Short descriptive text snippets:
-*-
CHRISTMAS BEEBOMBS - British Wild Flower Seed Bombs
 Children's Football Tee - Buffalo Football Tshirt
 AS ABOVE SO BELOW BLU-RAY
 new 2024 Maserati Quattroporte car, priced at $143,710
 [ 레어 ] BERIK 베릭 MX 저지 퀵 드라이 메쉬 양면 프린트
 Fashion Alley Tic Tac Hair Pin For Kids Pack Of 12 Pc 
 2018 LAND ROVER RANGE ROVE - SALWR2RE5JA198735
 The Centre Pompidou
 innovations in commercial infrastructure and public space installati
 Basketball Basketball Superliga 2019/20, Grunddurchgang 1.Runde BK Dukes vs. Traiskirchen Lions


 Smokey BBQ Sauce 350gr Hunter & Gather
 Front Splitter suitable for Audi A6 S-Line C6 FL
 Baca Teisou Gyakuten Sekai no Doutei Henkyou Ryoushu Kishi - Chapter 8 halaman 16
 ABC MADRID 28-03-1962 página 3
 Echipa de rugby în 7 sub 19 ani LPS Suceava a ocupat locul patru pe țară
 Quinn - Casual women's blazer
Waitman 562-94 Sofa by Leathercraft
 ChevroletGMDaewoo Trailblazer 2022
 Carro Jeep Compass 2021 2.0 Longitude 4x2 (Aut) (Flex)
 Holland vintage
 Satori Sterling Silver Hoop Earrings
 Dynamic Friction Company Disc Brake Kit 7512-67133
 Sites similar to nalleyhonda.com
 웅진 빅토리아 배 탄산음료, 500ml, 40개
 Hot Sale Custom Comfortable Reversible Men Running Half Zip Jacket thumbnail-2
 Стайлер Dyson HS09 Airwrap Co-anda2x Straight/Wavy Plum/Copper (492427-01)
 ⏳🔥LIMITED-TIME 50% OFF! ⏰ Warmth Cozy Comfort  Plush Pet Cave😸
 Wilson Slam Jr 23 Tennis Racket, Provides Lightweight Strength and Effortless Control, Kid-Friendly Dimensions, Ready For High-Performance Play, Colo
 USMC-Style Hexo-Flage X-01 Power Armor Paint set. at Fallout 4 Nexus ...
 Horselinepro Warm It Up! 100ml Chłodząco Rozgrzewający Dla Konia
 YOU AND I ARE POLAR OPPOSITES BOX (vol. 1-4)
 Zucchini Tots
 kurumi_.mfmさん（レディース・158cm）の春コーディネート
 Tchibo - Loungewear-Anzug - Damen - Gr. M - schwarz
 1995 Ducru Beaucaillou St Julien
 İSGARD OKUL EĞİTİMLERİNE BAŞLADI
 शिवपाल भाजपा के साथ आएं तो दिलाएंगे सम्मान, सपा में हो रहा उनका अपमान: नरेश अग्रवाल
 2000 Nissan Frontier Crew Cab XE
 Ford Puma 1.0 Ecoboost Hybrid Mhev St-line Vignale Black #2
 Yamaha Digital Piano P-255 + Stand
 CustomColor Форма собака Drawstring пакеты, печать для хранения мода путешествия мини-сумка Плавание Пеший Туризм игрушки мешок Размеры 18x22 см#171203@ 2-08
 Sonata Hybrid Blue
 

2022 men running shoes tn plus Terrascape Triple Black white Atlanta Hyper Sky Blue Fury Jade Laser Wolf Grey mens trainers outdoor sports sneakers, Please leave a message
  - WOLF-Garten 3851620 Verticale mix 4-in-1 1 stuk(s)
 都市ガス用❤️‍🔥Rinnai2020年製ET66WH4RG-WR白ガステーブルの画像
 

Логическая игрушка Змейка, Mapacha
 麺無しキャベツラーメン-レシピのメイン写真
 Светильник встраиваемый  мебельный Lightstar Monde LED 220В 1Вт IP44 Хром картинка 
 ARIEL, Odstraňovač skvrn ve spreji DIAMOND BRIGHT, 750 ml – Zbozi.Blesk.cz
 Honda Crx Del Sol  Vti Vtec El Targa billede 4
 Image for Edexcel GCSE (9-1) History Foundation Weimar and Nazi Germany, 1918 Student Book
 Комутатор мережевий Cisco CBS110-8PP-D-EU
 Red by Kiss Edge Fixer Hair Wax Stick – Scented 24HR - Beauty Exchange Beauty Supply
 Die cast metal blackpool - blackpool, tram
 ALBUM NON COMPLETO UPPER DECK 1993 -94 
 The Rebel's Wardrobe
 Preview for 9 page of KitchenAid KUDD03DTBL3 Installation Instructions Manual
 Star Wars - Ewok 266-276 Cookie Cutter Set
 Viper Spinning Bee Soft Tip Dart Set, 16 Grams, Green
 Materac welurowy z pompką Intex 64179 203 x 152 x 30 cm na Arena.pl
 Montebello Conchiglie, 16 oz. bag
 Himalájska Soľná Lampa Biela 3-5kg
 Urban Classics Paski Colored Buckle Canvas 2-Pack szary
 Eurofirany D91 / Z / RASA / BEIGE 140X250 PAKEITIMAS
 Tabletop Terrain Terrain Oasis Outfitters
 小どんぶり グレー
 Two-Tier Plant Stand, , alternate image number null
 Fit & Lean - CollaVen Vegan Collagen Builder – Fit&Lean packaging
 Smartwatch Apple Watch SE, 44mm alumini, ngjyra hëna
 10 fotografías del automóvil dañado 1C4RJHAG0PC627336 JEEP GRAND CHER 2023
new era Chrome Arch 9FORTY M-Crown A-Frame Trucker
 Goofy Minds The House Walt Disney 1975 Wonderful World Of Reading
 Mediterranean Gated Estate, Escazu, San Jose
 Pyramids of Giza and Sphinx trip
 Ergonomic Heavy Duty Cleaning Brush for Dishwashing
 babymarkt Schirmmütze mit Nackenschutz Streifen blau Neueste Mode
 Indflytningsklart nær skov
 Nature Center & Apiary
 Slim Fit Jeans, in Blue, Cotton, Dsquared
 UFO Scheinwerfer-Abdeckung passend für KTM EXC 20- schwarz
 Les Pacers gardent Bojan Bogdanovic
-*-
EXERCISE BRIEF. Each of the records is to be written out again exactly.

RESPONSE TO THE EXERCISE.
CHRISTMAS BEEBOMBS - British Wild Flower Seed Bombs
 Children's Football Tee - Buffalo Football Tshirt
 AS ABOVE SO BELOW BLU-RAY
 new 2024 Maserati Quattroporte car, priced at $143,710
 [ 레어 ] BERIK 베릭 MX 저지 퀵 드라이 메쉬 양면 프린트
 Fashion Alley Tic Tac Hair Pin For Kids Pack Of 12 Pc 
 2018 LAND ROVER RANGE ROVE - SALWR2RE5JA198735
 The Centre Pompidou
 innovations in commercial infrastructure and public space installati
 Basketball Basketball Superliga 2019/20, Grunddurchgang 1.Runde BK Dukes vs. Traiskirchen Lions


 Smokey BBQ Sauce 350gr Hunter & Gather
 Front Splitter suitable for Audi A6 S-Line C6 FL
 Baca Teisou Gyakuten Sekai no Doutei Henkyou Ryoushu Kishi - Chapter 8 halaman 16
 ABC MADRID 28-03-1962 página 3
 Echipa de rugby în 7 sub 19 ani LPS Suceava a ocupat locul patru pe țară
 Quinn - Casual women's blazer
Waitman 562-94 Sofa by Leathercraft
 ChevroletGMDaewoo Trailblazer 2022
 Carro Jeep Compass 2021 2.0 Longitude 4x2 (Aut) (Flex)
 Holland vintage
 Satori Sterling Silver Hoop Earrings
 Dynamic Friction Company Disc Brake Kit 7512-67133
 Sites similar to nalleyhonda.com
 웅진 빅토리아 배 탄산음료, 500ml, 40개
 Hot Sale Custom Comfortable Reversible Men Running Half Zip Jacket thumbnail-2
 Стайлер Dyson HS09 Airwrap Co-anda2x Straight/Wavy Plum/Copper (492427-01)
 ⏳🔥LIMITED-TIME 50% OFF! ⏰ Warmth Cozy Comfort  Plush Pet Cave😸
 Wilson Slam Jr 23 Tennis Racket, Provides Lightweight Strength and Effortless Control, Kid-Friendly Dimensions, Ready For High-Performance Play, Colo
 USMC-Style Hexo-Flage X-01 Power Armor Paint set. at Fallout 4 Nexus ...
 Horselinepro Warm It Up! 100ml Chłodząco Rozgrzewający Dla Konia
 YOU AND I ARE POLAR OPPOSITES BOX (vol. 1-4)
 Zucchini Tots
 kurumi_.mfmさん（レディース・158cm）の春コーディネート
 Tchibo - Loungewear-Anzug - Damen - Gr. M - schwarz
 1995 Ducru Beaucaillou St Julien
 İSGARD OKUL EĞİTİMLERİNE BAŞLADI
 शिवपाल भाजपा के साथ आएं तो दिलाएंगे सम्मान, सपा में हो रहा उनका अपमान: नरेश अग्रवाल
 2000 Nissan Frontier Crew Cab XE
 Ford Puma 1.0 Ecoboost Hybrid Mhev St-line Vignale Black #2
 Yamaha Digital Piano P-255 + Stand
 CustomColor Форма собака Drawstring пакеты, печать для хранения мода путешествия мини-сумка Плавание Пеший Туризм игрушки мешок Размеры 18x22 см#171203@ 2-08
 Sonata Hybrid Blue
 

2022 men running shoes tn plus Terrascape Triple Black white Atlanta Hyper Sky Blue Fury Jade Laser Wolf Grey mens trainers outdoor sports sneakers, Please leave a message
  - WOLF-Garten 3851620 Verticale mix 4-in-1 1 stuk(s)
 都市ガス用❤️‍🔥Rinnai2020年製ET66WH4RG-WR白ガステーブルの画像
 

Логическая игрушка Змейка, Mapacha
 麺無しキャベツラーメン-レシピのメイン写真
 Светильник встраиваемый  мебельный Lightstar Monde LED 220В 1Вт IP44 Хром картинка 
 ARIEL, Odstraňovač skvrn ve spreji DIAMOND BRIGHT, 750 ml – Zbozi.Blesk.cz
 Honda Crx Del Sol  Vti Vtec El Targa billede 4
 Image for Edexcel GCSE (9-1) History Foundation Weimar and Nazi Germany, 1918 Student Book
 Комутатор мережевий Cisco CBS110-8PP-D-EU
 Red by Kiss Edge Fixer Hair Wax Stick – Scented 24HR - Beauty Exchange Beauty Supply
 Die cast metal blackpool - blackpool, tram
 ALBUM NON COMPLETO UPPER DECK 1993 -94 
 The Rebel's Wardrobe
 Preview for 9 page of KitchenAid KUDD03DTBL3 Installation Instructions Manual
 Star Wars - Ewok 266-276 Cookie Cutter Set
 Viper Spinning Bee Soft Tip Dart Set, 16 Grams, Green
 Materac welurowy z pompką Intex 64179 203 x 152 x 30 cm na Arena.pl
 Montebello Conchiglie, 16 oz. bag
 Himalájska Soľná Lampa Biela 3-5kg
 Urban Classics Paski Colored Buckle Canvas 2-Pack szary
 Eurofirany D91 / Z / RASA / BEIGE 140X250 PAKEITIMAS
 Tabletop Terrain Terrain Oasis Outfitters
 小どんぶり グレー
 Two-Tier Plant Stand, , alternate image number null
 Fit & Lean - CollaVen Vegan Collagen Builder – Fit&Lean packaging
 Smartwatch Apple Watch SE, 44mm alumini, ngjyra hëna
 10 fotografías del automóvil dañado 1C4RJHAG0PC627336 JEEP GRAND CHER 2023
new era Chrome Arch 9FORTY M-Crown A-Frame Trucker
 Goofy Minds The House Walt Disney 1975 Wonderful World Of Reading
 Mediterranean Gated Estate, Escazu, San Jose
 Pyramids of Giza and Sphinx trip
 Ergonomic Heavy Duty Cleaning Brush for Dishwashing
 babymarkt Schirmmütze mit Nackenschutz Streifen blau Neueste Mode
 Indflytningsklart nær skov
 Nature Center & Apiary
 Slim Fit Jeans, in Blue, Cotton, Dsquared
 UFO Scheinwerfer-Abdeckung passend für KTM EXC 20- schwarz
 Les Pacers gardent Bojan Bogdanovic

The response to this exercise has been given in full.